- YOUR TASK
Nothing in the listing may change. Repeat all of it.

(Beginning of DATA RECORDS)

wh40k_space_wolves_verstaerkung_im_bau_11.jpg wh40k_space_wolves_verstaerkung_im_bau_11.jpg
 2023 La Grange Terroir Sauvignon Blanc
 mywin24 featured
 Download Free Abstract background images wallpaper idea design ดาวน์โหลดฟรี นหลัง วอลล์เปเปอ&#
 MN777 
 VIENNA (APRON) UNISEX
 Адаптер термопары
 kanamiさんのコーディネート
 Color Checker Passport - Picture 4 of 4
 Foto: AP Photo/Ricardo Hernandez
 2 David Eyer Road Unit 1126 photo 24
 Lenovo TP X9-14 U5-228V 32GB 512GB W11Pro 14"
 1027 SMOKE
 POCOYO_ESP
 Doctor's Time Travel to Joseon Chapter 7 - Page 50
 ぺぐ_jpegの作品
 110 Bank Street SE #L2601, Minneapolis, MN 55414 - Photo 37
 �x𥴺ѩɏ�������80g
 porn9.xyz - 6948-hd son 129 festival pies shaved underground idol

(End of DATA RECORDS)

- EXERCISE RESPONSE
wh40k_space_wolves_verstaerkung_im_bau_11.jpg wh40k_space_wolves_verstaerkung_im_bau_11.jpg
 2023 La Grange Terroir Sauvignon Blanc
 mywin24 featured
 Download Free Abstract background images wallpaper idea design ดาวน์โหลดฟรี นหลัง วอลล์เปเปอ&#
 MN777 
 VIENNA (APRON) UNISEX
 Адаптер термопары
 kanamiさんのコーディネート
 Color Checker Passport - Picture 4 of 4
 Foto: AP Photo/Ricardo Hernandez
 2 David Eyer Road Unit 1126 photo 24
 Lenovo TP X9-14 U5-228V 32GB 512GB W11Pro 14"
 1027 SMOKE
 POCOYO_ESP
 Doctor's Time Travel to Joseon Chapter 7 - Page 50
 ぺぐ_jpegの作品
 110 Bank Street SE #L2601, Minneapolis, MN 55414 - Photo 37
 �x𥴺ѩɏ�������80g
 porn9.xyz - 6948-hd son 129 festival pies shaved underground idol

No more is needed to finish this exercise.